Evaluation of Oral Ginger Efficacy against Postoperative Nausea and Vomiting: A Randomized, Double - Blinded Clinical Trial.

Akram Sadat Montazeri, Azam Hamidzadeh, Mehdi Raei, Malihe Mohammadiun, Azam Sadat Montazeri, Reza Mirshahi, Hosein Rohani
Author Information
  1. Akram Sadat Montazeri: Center for Health-Related Social and Behavioral Sciences Research, Shahroud University of Medical Sciences, Shahroud, IR Iran.
  2. Azam Hamidzadeh: School of Nursing & Midwifery, Shahroud University of Medical Sciences, Shahroud, IR Iran.
  3. Mehdi Raei: Clinical Research Development Center, Qom University of Medical Sciences, Qom, IR Iran.
  4. Malihe Mohammadiun: School of Civil and Architectural Engineering, Shahrood University of Technology, Shahrood, IR Iran.
  5. Azam Sadat Montazeri: School of Pharmacy, Tehran University of Medical Sciences, Tehran, IR Iran.
  6. Reza Mirshahi: School of Medicine, Tehran University of Medical Sciences, Tehran, IR Iran.
  7. Hosein Rohani: School of Health, Isfahan University of Medical Sciences, Isfahan, IR Iran.

Abstract

BACKGROUND: Postoperative nausea and vomiting is one of the most common side effects associated with surgical procedures.
OBJECTIVES: The aim of this study was to determine the effect of ginger on intensity of nausea and vomiting after surgical procedures.
PATIENTS AND METHODS: This study was a randomized, double blinded, clinical trial. 160 eligible patients were randomly assigned into experimental or placebo groups.
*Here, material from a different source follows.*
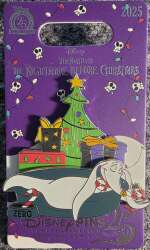 108407 - Nightmare Before Christmas Celebrating 25 years of Disney Pins - Zero with Candy Cane alternate image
The experimental group received 4 capsules containing 250 mg ginger and placebo group received 4 placebo capsules 1 hour before surgery. The severity of nausea and vomiting was measured at 2, 4, 6 hours post operation using visual analogue scale and a structured questionnaire. The data were analyzed by independent t - test, Mann-Whitney U test, chi -square and GEE using SPSS 16 and STATA version 11.
RESULTS: Mean nausea score at 2 hours post operation was significantly lower in the experimental group (P= 0.04). Mean nausea score at 4 and 6 hours post operation was lower in the experimental group; however, there was no significant difference between the groups at any time post operation. The frequencies of nausea in the experimental group at 2 and 6 hours post operation were lower than that in the placebo group, however, at 2 hours post operation, it was borderline significant (P = 0.05) There was no significant differences between two group in the intensity of vomiting at any time.
CONCLUSIONS: Use of ginger was effective at decreasing postoperative nausea. Ginger could be used as a safe antiemetic drug at post operation.